Felizmente enferma...

El viernes hice un descubrimiento que me afectó de manera muy particular y me puso a pensar (como si no pensara demasiado todos los días: la siguiente escena de la novela que escribo actualmente, entreverada con la lista del súper y detalles relacionados con el Proyecto H)
Recibí una crítica furibunda a un libro que reseñé para Replicante. Lo primero que me alarmó fue que no me acordaba de qué libro se trataba hasta que, en medio del furibundo mensaje que empezaba diciendo "¡Qué mala reseña!", detecté el nombre del autor del libro reseñado, Geney Beltrán, a quien por cierto quiero y admiro mucho...pero esta vez no fui todo lo elogiosa que hubiera querido con su libro -que vale mucho la pena leer, pese a los últimos tres textos que fueron los que originaron mi desconcierto, El sueño no es un refugio, sino un arma (Difusión Cultural, UNAM)- porque considero que sería una pena que Geney incurriera en los mismos desatinos de los viejos críticos que tanto han perjudicado el estudio de la literatura mexicana. Pues bien, la notita era una diatriba contra mis escasas facultades críticas y una defensa a ultranza de...¿quién creen? (ya hasta hueva me da escribir el nombre es demasiado largo, ¿por qué no nos hizo el inmenso favor de acortar su nombrazo y ponerse simplemente "Chris"?), y lo peor: firmada con pseudónimo, que es otra de las constantes tratándose de los fans de don Chris (¿tan vergonzoso les es admirar a este señor que tienen que esconder su identidad?, me pregunté, confieso, por primera vez). Mi crítica contrastaba la magnanimidad de Geney respecto al Dic. de don Chris, con su ensañamiento hacia la antología de autores nacidos en los setenta de Tryno Maldonado, y el furibundo anónimo, que defendía a don Chris y denostaba a Tryno (quien, en últimas fechas, se ha convertido en sujeto de una envidia desbordada a raíz de la publicación en Anagrama de su novela finalista en el Premio Herralde...aunque he de señalar que no es el caso de Geney, quien escribió su crítica poco antes de que esto se diera a conocer), consideraba muy mala mi crítica por reprocharle esto el autor. Lo más chistoso era la redacción del susodicho que, una de dos, o estaba demasiado encorajinado al momento de escribir su diatriba, o de plano requiere con urgencia de uno de los cursos que imparte mi estimada amiga Beatriz Escalante. Permítaseme reproducir este botón de muestra, aunque me embarre en el inter: Y ahí está un poco el problema con este horror de reseña: no el hecho de dejarse llevar por las vísceras, sino el dejarse llevar por las vísceras, pero decir que no se está dejando llevar por las vísceras y, por si fuera poco, criticar al objeto de su reseña por -adivinen- dejarse llevar por las vísceras (????)

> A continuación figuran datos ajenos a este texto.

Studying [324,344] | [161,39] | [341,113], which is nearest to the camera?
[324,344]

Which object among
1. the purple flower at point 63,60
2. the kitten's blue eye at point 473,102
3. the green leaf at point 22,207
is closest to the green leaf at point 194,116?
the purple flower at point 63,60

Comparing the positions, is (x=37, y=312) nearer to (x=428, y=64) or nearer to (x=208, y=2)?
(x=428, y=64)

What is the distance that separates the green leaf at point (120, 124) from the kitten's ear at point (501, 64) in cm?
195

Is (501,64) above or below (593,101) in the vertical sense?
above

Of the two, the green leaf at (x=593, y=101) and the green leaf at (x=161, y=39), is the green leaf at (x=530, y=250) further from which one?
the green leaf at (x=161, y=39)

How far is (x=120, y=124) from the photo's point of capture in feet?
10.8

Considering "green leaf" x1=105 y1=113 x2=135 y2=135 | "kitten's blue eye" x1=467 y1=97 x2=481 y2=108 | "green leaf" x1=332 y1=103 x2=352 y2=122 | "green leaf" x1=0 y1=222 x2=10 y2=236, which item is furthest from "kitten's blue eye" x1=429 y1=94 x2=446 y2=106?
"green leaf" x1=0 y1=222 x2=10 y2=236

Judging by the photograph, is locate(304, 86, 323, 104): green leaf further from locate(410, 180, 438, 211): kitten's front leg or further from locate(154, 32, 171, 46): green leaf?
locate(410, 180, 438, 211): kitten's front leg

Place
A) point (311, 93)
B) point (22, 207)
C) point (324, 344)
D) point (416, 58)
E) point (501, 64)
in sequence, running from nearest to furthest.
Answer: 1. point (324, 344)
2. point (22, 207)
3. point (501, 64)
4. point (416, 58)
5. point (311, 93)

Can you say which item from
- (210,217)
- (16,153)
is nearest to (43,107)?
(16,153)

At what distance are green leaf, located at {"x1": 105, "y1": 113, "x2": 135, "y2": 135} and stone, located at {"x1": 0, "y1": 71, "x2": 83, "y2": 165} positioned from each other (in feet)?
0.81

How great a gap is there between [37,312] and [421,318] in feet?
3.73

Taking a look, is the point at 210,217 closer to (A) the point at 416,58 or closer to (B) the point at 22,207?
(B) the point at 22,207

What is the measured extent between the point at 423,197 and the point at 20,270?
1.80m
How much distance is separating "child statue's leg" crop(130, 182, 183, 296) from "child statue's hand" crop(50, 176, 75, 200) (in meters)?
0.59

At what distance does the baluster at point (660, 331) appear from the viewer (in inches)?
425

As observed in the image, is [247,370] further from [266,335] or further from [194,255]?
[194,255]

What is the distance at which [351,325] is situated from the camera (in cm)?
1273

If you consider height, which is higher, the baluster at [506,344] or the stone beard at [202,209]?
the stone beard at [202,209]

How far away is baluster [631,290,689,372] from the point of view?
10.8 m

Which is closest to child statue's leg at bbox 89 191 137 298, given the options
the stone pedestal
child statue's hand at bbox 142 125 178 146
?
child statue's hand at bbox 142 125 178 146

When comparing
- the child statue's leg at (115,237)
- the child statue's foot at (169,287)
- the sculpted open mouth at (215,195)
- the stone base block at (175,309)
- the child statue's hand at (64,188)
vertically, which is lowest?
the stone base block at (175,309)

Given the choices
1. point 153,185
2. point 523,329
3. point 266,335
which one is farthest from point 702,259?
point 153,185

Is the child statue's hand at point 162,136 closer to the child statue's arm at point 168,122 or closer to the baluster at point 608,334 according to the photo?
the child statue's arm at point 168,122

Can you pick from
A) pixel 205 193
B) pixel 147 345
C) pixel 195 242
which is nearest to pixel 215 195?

Entre tanto llevamiento de vísceras, hice el descubrimiento del que hablaba al principio...no, no descubrir que hasta los analfabetos funcionales se atreven a cuestionar reseñas, no, eso ya lo sabía desde hace mil años... lo que descubrí mientras leía esta sarta de tonterías y me tomaba la molestia de contestar, fue que sentía una hueva infinita.

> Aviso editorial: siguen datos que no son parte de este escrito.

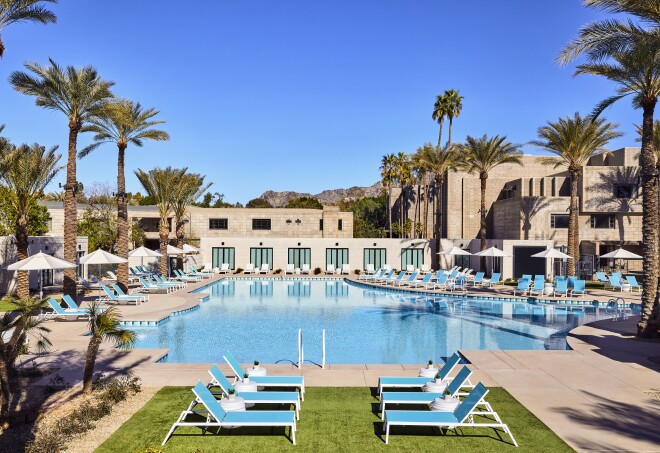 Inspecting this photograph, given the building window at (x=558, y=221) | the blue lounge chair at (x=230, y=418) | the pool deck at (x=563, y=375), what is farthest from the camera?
the building window at (x=558, y=221)

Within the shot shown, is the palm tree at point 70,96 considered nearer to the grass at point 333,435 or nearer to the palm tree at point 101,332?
the palm tree at point 101,332

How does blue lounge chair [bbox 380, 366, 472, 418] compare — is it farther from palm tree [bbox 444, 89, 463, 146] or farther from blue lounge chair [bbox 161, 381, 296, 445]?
palm tree [bbox 444, 89, 463, 146]

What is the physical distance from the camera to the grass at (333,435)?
6.77 metres

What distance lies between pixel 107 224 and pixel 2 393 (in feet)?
105

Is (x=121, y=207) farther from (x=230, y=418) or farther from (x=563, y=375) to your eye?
(x=563, y=375)

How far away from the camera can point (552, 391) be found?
30.0 feet

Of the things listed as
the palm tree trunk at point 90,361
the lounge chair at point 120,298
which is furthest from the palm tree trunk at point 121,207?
the palm tree trunk at point 90,361

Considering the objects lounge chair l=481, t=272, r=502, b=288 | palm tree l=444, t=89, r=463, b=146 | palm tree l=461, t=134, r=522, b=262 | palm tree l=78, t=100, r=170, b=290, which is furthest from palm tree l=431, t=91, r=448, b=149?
palm tree l=78, t=100, r=170, b=290

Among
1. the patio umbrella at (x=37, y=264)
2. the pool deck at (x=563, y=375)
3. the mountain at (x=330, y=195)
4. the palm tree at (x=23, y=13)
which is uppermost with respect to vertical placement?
the mountain at (x=330, y=195)

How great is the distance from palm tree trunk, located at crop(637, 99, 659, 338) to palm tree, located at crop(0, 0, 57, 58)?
16374 mm

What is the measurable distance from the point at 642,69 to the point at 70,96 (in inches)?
762

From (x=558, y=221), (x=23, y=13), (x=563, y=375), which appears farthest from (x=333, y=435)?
(x=558, y=221)

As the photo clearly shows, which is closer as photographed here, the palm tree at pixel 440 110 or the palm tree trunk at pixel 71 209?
the palm tree trunk at pixel 71 209

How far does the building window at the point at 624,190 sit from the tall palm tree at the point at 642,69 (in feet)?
67.0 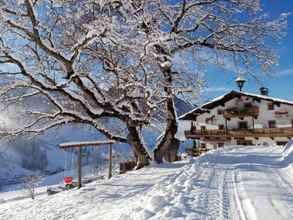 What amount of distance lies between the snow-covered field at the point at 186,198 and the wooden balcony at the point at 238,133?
20874mm

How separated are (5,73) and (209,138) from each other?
82.2 ft

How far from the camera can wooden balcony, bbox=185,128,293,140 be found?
28234mm

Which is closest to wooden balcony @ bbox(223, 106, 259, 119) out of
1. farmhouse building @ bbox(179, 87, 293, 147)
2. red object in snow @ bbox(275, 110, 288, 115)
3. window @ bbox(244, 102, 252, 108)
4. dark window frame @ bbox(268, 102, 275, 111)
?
farmhouse building @ bbox(179, 87, 293, 147)

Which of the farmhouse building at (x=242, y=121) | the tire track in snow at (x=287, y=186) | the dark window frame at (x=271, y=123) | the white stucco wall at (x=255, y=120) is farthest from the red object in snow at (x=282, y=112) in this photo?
the tire track in snow at (x=287, y=186)

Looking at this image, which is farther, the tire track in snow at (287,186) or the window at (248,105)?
the window at (248,105)

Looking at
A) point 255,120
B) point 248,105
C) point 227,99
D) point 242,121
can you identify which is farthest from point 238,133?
point 227,99

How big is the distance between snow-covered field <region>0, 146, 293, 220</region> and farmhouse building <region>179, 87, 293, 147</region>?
20394mm

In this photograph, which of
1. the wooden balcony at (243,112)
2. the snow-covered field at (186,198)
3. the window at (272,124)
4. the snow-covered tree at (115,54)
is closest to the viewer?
the snow-covered field at (186,198)

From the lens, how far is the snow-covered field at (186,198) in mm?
4671

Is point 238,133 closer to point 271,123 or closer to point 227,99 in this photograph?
point 271,123

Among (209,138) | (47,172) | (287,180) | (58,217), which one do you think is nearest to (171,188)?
(58,217)

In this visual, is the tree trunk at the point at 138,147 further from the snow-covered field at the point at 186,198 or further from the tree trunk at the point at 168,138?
the snow-covered field at the point at 186,198

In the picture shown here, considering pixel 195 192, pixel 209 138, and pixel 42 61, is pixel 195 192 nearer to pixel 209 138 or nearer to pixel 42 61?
pixel 42 61

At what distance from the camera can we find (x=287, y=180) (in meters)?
7.16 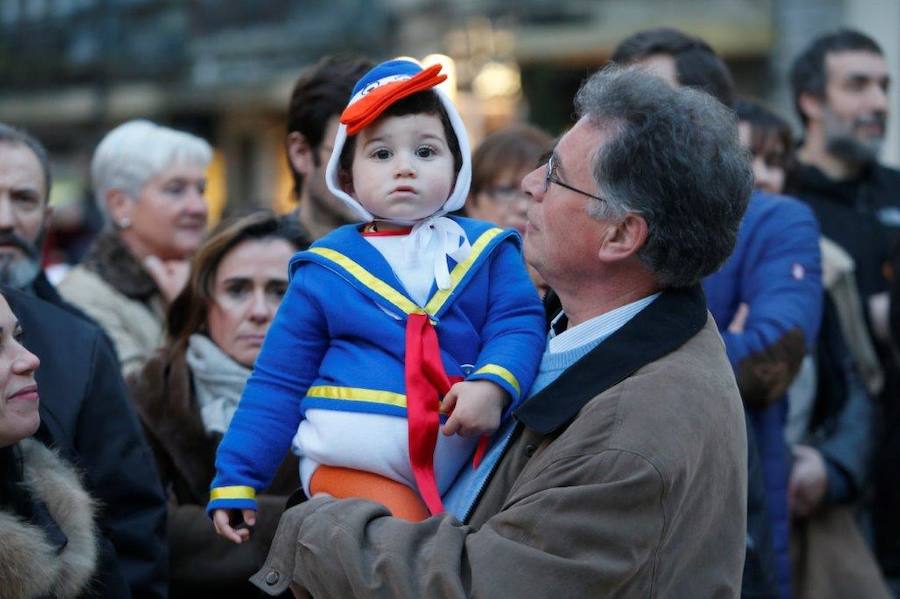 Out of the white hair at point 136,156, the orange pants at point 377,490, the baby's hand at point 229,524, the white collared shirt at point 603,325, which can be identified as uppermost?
the white collared shirt at point 603,325

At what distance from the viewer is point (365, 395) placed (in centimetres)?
309

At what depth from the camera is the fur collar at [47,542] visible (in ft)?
9.15

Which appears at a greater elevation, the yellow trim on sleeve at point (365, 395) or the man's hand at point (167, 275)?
the yellow trim on sleeve at point (365, 395)

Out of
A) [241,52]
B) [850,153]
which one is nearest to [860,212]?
[850,153]

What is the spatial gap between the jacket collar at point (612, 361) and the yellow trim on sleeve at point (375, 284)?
391 mm

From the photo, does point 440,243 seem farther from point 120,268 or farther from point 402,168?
point 120,268

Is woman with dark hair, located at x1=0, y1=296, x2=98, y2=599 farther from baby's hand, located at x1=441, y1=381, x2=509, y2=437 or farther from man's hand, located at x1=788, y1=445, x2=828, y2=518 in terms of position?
man's hand, located at x1=788, y1=445, x2=828, y2=518

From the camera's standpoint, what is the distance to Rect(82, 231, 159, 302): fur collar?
5.32m

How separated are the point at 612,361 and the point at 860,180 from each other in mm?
3477

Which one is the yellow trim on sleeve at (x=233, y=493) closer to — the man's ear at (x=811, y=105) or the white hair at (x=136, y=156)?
the white hair at (x=136, y=156)

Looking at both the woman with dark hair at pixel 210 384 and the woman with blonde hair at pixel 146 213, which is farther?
the woman with blonde hair at pixel 146 213

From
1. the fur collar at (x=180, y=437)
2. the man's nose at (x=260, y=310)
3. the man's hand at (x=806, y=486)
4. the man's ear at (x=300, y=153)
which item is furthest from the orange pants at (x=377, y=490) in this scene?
the man's hand at (x=806, y=486)

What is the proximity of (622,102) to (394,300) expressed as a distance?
675mm

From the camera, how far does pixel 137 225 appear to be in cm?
571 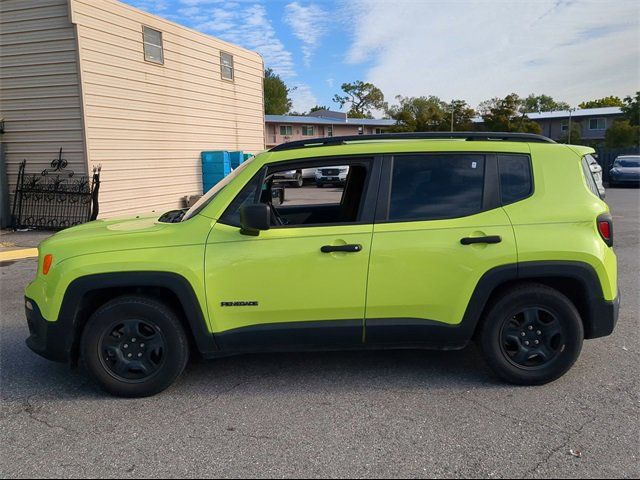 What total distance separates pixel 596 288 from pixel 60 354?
3.79 m

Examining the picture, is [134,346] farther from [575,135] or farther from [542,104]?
[542,104]

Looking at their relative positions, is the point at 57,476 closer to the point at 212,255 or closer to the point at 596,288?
the point at 212,255

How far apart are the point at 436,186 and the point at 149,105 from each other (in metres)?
11.5

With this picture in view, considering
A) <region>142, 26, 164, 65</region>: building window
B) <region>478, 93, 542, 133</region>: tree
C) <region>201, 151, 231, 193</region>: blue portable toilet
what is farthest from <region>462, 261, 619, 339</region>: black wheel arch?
<region>478, 93, 542, 133</region>: tree

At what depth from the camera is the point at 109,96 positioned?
12.1 m

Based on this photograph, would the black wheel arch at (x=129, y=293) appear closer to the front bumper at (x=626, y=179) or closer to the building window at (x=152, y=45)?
the building window at (x=152, y=45)

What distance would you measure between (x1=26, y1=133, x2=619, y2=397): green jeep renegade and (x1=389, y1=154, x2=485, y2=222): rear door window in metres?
0.01

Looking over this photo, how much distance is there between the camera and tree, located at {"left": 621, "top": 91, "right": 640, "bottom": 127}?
4175cm

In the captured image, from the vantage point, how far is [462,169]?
3.78 m

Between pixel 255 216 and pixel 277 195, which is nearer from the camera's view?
pixel 255 216

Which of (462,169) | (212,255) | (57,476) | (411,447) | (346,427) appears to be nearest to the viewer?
(57,476)

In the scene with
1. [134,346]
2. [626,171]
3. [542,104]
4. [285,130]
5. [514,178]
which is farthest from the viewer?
[542,104]

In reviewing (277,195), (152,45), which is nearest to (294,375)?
(277,195)

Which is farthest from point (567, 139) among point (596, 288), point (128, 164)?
point (596, 288)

Este tipo de asuntos son un deja vu perpetuo. Un reciclaje de la misma experiencia vivida ad nauseaum: el tener que lidiar con groupies literarios que defienden lo suyo con la misma pasión con que los niños que adoran a Dragon Ball se enfrentan a los adoradores de Naruto, aunque con una diferencia abismal: estos niños son absolutamente sinceros en su defensa. Ellos no pretenden prebendas ni beneficios de sus personajes favoritos. Los otros sí esperan algo a cambio de ir lavando el nombre de aquellos a quienes defienden, no por afecto genuino hacia el autor o su obra: puro interés mezquino.
La comparación, injusta para los niños por cierto, entre los otakus y los groupies literarios, no es casual; de hecho tiene todo que ver con lo que pretendo expresar: me tiene enferma este mundillo literario que nada tiene que envidiarle al Vaticano de los Borgia: puñaladas por la espalda, venenos sutiles, besos de Judas, arreglos por debajo de la mesa, hipocresía total y absoluta. 

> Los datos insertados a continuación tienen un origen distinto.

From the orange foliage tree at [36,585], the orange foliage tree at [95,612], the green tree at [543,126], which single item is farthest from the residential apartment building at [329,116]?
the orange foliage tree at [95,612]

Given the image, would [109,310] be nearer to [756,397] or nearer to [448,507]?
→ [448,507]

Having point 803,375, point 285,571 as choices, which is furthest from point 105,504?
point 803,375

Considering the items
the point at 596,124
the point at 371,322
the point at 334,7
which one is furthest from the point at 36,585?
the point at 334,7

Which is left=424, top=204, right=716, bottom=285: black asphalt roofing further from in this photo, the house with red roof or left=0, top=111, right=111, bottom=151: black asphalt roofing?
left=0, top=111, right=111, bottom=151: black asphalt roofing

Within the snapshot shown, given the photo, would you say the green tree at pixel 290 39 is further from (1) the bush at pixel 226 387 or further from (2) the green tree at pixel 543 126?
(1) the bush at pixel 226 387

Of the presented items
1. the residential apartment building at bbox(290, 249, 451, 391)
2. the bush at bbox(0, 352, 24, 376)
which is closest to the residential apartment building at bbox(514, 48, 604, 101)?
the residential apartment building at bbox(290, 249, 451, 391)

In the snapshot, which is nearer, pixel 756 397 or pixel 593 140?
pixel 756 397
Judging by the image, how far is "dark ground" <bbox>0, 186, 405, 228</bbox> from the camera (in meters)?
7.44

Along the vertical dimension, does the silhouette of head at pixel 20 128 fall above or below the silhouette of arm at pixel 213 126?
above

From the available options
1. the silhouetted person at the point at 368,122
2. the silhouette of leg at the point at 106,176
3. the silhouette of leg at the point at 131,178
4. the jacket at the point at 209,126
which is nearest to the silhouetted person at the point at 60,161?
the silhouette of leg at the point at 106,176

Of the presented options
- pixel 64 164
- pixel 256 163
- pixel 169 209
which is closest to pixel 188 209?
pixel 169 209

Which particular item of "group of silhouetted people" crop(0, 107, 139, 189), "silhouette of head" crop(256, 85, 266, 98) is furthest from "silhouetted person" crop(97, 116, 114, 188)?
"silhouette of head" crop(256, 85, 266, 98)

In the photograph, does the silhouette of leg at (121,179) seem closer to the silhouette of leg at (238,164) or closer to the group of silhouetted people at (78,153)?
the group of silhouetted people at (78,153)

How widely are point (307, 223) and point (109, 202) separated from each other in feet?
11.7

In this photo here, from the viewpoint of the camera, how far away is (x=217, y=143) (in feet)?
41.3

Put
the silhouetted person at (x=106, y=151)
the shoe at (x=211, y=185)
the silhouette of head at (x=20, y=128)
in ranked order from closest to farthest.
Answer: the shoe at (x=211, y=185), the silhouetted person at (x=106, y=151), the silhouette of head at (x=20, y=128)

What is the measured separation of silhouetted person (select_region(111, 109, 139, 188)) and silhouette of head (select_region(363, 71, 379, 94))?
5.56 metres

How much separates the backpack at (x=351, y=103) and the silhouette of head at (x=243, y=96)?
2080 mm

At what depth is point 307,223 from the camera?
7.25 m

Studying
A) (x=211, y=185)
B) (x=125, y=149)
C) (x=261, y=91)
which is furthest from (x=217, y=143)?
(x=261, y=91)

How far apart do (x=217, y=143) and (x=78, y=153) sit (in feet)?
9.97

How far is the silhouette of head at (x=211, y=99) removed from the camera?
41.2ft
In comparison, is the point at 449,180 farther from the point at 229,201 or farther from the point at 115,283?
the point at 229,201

Me enferman las divas y divos -equivalente a los Papas de la época arriba citada- rodeados de lamebotas dispuestos a todo con tal de hacerse notar, no solo a través de los mismos a quienes siguen como perritos falderos, sino de los denostadores de sus amos. Y no sé quien me parece más despreciable, si el divo (a) o su séquito de ilusos que le huelen los pedos mientras ponen cara de éxtasis (ni las amas de casa fingen mejor los orgasmos que estos pendejos). El facebook es la ventana a la que invito a asomarse a cualquiera que crea que estoy exagerando: los abrumadores parabienes a José Emilio Pacheco por su Premio Cervantes -y usted disculpe, Monsieur Pacheco, no es nada personal- me parecen demasiado sospechosos. Demasiado. Demasiado. Particularmente por provenir de jóvenes y jóvenas escritor@s que buscan desesperadamente llamar la atención sobre su incipientísima obra y actúan, ostensiblemente, como cortesanas de la corte de Luis XIV, en plena competencia de abanicos para atraer un milímetro la atención del Rey. Uno se atrevió a decir- Dios lo perdone- que Pacheco merece el Nóbel, no como Paz, y si no fuera por la hueva que me corroe últimamente, se me habrían parado los pelos de punta con tamaña herejía. Personalmente -e insisto, nada tengo en contra del Poeta Pacheco- considero que existen escritores mexicanos que merecían más el Cervantes -dejemos el Nóbel para después- que el, por hoy, Dios del olimpo (con minúscula) de la literatura mexicana. Lo peor -y perdónenme, los repentinamente conversos a la religión Pachequiana-es que la lista es larga, pero por respeto al Laureado -cuyo discurso de recepción, lo reconozco, alcanzó a conmoverme- dejémoslo en solo tres nombres: Fernando del Paso, Eduardo Lizalde (al que, por cierto, nadie ha pelado en Bellas Artes pese a haber alcanzado la misma edad de Pacheeco y contar con una obra superior) y Rubén Bonifaz Nuño, del que todos parecen haberse olvidado pese a ser El Poeta.
Ahora sí: lapídenme.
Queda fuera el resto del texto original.